[Opening DATA LISTING section]

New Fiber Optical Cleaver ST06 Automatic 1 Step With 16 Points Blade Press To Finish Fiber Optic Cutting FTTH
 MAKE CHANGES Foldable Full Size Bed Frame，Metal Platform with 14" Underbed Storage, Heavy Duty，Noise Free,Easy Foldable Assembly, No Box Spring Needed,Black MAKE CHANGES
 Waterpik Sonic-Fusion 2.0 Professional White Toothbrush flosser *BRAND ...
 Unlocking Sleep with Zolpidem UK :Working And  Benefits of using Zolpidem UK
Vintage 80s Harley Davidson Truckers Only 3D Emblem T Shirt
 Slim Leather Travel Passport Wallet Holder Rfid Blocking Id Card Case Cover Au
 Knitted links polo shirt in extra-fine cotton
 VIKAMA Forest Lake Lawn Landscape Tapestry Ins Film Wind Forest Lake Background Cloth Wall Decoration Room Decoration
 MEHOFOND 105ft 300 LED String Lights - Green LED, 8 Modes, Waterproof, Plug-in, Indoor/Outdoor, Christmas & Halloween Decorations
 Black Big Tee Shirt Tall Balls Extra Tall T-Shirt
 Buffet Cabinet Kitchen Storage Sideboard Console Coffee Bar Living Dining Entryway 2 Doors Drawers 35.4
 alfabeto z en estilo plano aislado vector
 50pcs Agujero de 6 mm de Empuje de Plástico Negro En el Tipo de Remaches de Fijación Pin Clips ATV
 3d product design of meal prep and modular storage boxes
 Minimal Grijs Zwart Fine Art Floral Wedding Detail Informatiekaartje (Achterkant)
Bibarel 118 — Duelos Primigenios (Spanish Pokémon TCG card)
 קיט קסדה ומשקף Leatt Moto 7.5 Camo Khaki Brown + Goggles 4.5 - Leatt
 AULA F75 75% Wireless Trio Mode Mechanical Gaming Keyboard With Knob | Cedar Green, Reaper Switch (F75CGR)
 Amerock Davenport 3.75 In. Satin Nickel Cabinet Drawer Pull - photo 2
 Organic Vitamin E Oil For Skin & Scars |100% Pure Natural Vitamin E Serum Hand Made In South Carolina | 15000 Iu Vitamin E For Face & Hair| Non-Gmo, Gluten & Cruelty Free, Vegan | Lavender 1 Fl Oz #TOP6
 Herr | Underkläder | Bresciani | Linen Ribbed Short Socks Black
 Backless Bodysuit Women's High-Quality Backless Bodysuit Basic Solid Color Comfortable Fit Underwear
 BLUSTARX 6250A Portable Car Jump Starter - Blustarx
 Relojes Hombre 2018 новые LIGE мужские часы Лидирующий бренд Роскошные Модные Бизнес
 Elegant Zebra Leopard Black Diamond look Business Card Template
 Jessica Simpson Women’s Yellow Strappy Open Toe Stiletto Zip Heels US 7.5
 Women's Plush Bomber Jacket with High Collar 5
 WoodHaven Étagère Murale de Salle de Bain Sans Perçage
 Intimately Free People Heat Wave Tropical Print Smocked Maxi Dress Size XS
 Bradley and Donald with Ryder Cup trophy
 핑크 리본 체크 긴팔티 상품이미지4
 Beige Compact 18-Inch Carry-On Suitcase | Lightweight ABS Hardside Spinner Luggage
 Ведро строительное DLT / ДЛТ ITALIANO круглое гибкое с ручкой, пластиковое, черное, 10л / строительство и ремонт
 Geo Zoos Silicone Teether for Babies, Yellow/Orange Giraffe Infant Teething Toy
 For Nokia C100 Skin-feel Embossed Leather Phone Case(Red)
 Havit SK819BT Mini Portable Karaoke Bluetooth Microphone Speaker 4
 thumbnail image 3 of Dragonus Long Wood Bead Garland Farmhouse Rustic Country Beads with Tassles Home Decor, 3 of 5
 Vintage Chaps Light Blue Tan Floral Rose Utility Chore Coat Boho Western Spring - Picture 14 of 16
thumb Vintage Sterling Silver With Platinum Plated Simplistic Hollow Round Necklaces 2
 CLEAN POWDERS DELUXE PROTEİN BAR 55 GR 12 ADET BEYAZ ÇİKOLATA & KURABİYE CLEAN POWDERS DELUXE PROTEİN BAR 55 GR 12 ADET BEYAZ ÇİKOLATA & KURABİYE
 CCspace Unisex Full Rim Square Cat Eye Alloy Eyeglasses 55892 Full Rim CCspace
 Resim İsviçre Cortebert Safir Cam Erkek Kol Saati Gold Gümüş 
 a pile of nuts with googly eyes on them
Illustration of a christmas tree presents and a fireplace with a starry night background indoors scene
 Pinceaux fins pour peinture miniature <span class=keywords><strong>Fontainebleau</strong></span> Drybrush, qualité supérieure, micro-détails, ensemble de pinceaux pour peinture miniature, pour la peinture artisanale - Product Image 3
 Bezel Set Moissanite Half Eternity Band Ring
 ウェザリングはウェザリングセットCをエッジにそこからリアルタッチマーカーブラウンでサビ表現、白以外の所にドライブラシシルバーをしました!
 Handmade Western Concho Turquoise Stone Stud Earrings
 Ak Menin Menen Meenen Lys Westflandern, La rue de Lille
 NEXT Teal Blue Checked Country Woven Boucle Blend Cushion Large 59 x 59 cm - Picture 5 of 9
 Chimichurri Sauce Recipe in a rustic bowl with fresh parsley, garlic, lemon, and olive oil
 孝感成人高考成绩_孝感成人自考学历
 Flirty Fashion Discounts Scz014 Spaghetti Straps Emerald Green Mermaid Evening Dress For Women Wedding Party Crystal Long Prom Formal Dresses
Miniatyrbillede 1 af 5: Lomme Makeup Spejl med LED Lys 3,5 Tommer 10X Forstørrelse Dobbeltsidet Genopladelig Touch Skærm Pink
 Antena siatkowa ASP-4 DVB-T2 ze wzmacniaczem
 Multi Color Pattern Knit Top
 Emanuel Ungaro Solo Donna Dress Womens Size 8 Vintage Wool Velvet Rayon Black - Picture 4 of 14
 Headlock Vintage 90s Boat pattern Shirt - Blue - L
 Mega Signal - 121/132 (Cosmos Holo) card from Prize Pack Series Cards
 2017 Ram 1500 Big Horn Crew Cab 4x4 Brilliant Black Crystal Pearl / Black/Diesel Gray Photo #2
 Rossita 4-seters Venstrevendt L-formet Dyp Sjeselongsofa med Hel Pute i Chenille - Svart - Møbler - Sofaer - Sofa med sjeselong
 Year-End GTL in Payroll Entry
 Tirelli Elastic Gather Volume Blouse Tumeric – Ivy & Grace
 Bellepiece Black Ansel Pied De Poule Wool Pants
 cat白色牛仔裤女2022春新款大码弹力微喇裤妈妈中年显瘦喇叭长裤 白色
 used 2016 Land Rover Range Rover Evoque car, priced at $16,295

[Closing DATA LISTING section]

● **WORK ORDER**
The entries above hold a line with "Emanuel Ungaro Solo" and a later line with "cat白色牛仔裤女2022春新款大码弹力微喇裤妈妈中年显瘦喇叭长裤 白色". Write out exactly those lines and all lines between, nothing more.

● **TASK OUTPUT**
 Emanuel Ungaro Solo Donna Dress Womens Size 8 Vintage Wool Velvet Rayon Black - Picture 4 of 14
 Headlock Vintage 90s Boat pattern Shirt - Blue - L
 Mega Signal - 121/132 (Cosmos Holo) card from Prize Pack Series Cards
 2017 Ram 1500 Big Horn Crew Cab 4x4 Brilliant Black Crystal Pearl / Black/Diesel Gray Photo #2
 Rossita 4-seters Venstrevendt L-formet Dyp Sjeselongsofa med Hel Pute i Chenille - Svart - Møbler - Sofaer - Sofa med sjeselong
 Year-End GTL in Payroll Entry
 Tirelli Elastic Gather Volume Blouse Tumeric – Ivy & Grace
 Bellepiece Black Ansel Pied De Poule Wool Pants
 cat白色牛仔裤女2022春新款大码弹力微喇裤妈妈中年显瘦喇叭长裤 白色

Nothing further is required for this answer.